9:52 am on Jul 8, 2004 (gmt 0)

10+ Year Member



Morning all,

Anyone know where I can get some tips of navigating and editing tree structures (ie variable levels of nesting of arrays and associative arrays).

The navigating is not really a problem, I can just use a recursive function for that bit.

But lets say I have basically an address of three components (in reality it could be more, could be less), where each components refers to a different node in the array structure. I need to be able to navigate the array using my address, and then edit only that part of the array. In reality I would get to last node, use that ID number to query a databse to pull out the child nodes then add those child nodes onto the array structure.

Thanks

Robber

10:54 am on Jul 8, 2004 (gmt 0)

10+ Year Member



Thought I'd found a solution, PEAR::Tree looked like it might do the trick for me but it seems you need to have your source data either in a DB or in XML, mine is stored in arrays.. the hunt goes on!

coopster

2:34 pm on Jul 8, 2004 (gmt 0)

WebmasterWorld Administrator 10+ Year Member



You've already described what you want, have you tried writing your own using the PHP array [php.net] functions?

Robber

2:52 pm on Jul 8, 2004 (gmt 0)

10+ Year Member



Hi Coopster,

Yeah, I've been scratching my head for a few hours over this one now.

The main trouble I am having though is not accessing the right part of array, but then adding some new data to that part of the array without messing up the rest of the array.

I had thought I should be able to do it using recursive function and references, ie keep passing in the node id until I get the part of the array I want.

The trouble I got though was my reference was basically making my original array the same as the branch I had extracted. I am sure I should have been able to do it this way but I couldn't get the referneces right.

Anyhow, I think I have found a solution. Since I don't know the depth of the array I nee something quote dynamic.

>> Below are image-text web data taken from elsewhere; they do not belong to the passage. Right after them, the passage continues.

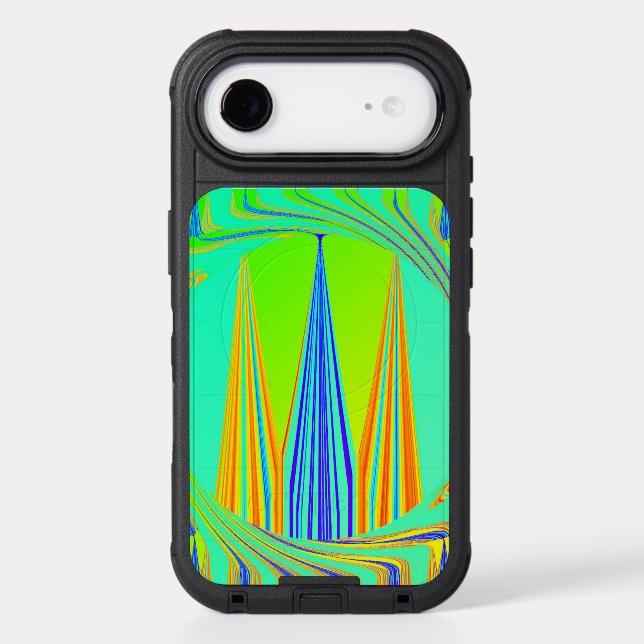 Edgy Geometrical Neon Design  Otterbox iPhone Case (Back)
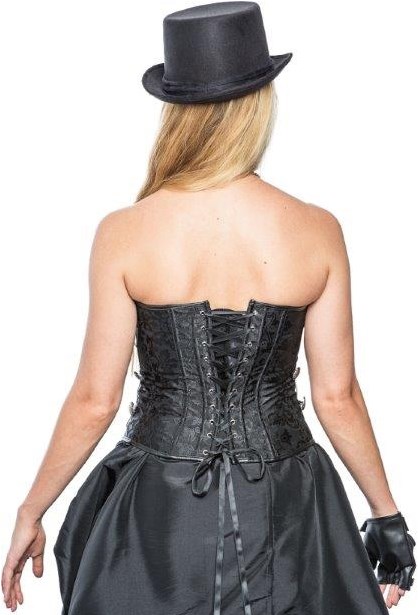Korset Steampunk Zwart met zilveren sluiting -2
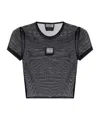 Versace Jeans Piece Number-logo Mesh T-shirt In Black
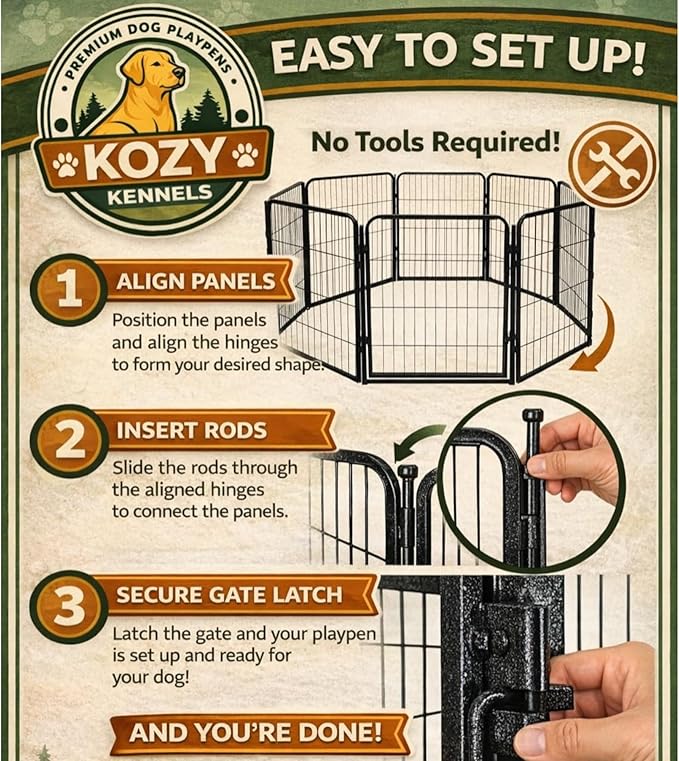 Dog Playpen w/Carrying Case for Indoor or Outdoor Use – 32 Inch, 24 Black Panels - Portable Metal Exercise Pen for Small & Medium Dogs - Pet Fence Kennel Crate for House, RV, or Travel
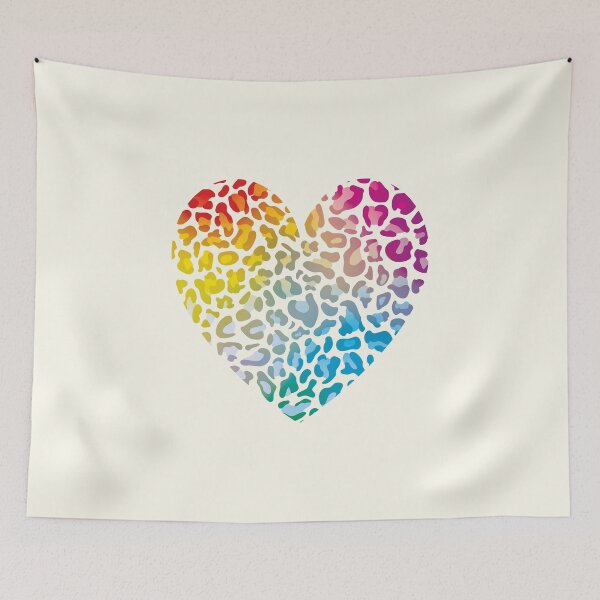Item preview, Rainbow Ombre Leopard Print Heart designed and sold by UBUCO.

I am using eval() so I can basically write the array address on the fly, eg:

for($i=0;$i<count($cats);$i++){
$tree_address .= '[\''.$ids[$i].'\']';
}
$add_to_array = '$category_tree'.$tree_address.'[\''.$row->catID.'\'] = array();';
eval($add_to_array);

It 'ain pretty but it works and it takes a lot fewer lines of code tha I expected!

coopster

4:09 pm on Jul 8, 2004 (gmt 0)

WebmasterWorld Administrator 10+ Year Member



Just a note, you aren't closing your double quotes on your array keys.

Robber

4:20 pm on Jul 8, 2004 (gmt 0)

10+ Year Member



Hi Coopster,

Thanks for checking, you nearly had me going there!

Have another look, its not actually a double quote, its ane scaped single quote followed bu another single quote.

Are there any drawbacks of using the eval() function like this that might be detrimental to my scripts?

Cheers

coopster

4:24 pm on Jul 8, 2004 (gmt 0)

WebmasterWorld Administrator 10+ Year Member



Oh! I wasn't trying to get you going, I honestly thought you had a syntax issue there! And no, I don't see how using eval() would have any drawbacks.